“Dancing is a very important ritual”

son kite yellow

Son Kite releases their 4th album “Prisma” today on the Danish label Iboga Records. I interviewed the Swedish duo a couple of weeks ago, and it was a hugely inspiring experience.

It is quite rare for me to meet people who take the transformational potential of the dancefloor and the healing properties of proper raving more serious than I do, but these guys actually top me on that subject.

They are s-e-r-i-o-u-s about it – in a really, really good way, of course, and with an insistent consistency in their thoughts and practices that reminds me of Eckhart Tolle. Which, of course, and obviously, makes all kinds of sense.

Judging by the response on facebook when the release of the album was revealed by Iboga, SEbastian and Marcus have made a huge impact on a lot of people with their music and the ideas behind it. That, too, makes all kinds of sense.

And so, the interview:

son kite field

Dancing is very important ritual
The Swedish trance duo Son Kite is back, releasing their first album in ten years. And they are on a mission. It burns through everything they say and is clearly expressed in their way of making music and performing.

“Dancing is a very important ritual. Our main mission as artists is to make people get into this trance state”, they say.

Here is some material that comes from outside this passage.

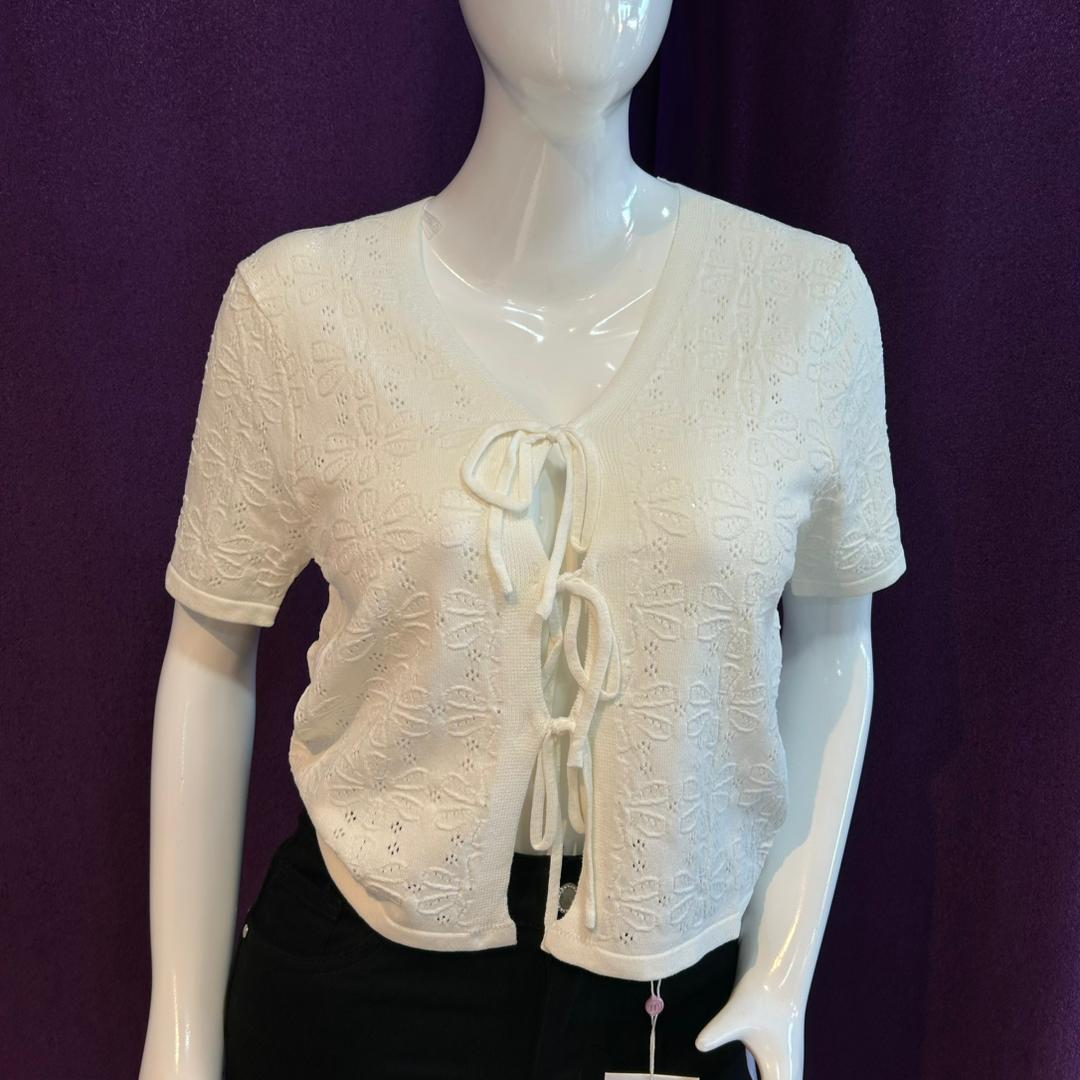 BLUSA TEJIDA CON LAZO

Since the release of their third album “Colours” in 2004, Marcus Henriksson and Sebastian Mullaert have been focusing on their other project Minilogue, touring the world and gaining increasing popularity in the house and techno scene.

With “Prisma”, released on November 17th and consisting of seven tracks made between 2007 and 2014, the duo leaps back to the endless energy and enthusiasm they felt when they first started making music together in 1996. Back to the use of analogue equipment (including releasing the album on vinyl). And back to what it’s all essentially about, according to the two musicians: Getting into the all-important dance ritual and reaching the trance state. A ritual that is as important as ever in our modern world, where we are constantly bombarded with digital stimuli, new distractions and non-stop demands to want something.

“Many people have lost their connection to why we are here and what we are doing here as human beings. Hunting for money, fame and achievements is what we learn in school, and it’s very easy to just get lost in this hunt without even being aware of why we are not happy doing it. That’s why it’s so important to get into the dance ritual and let the the stress out”, Marcus says.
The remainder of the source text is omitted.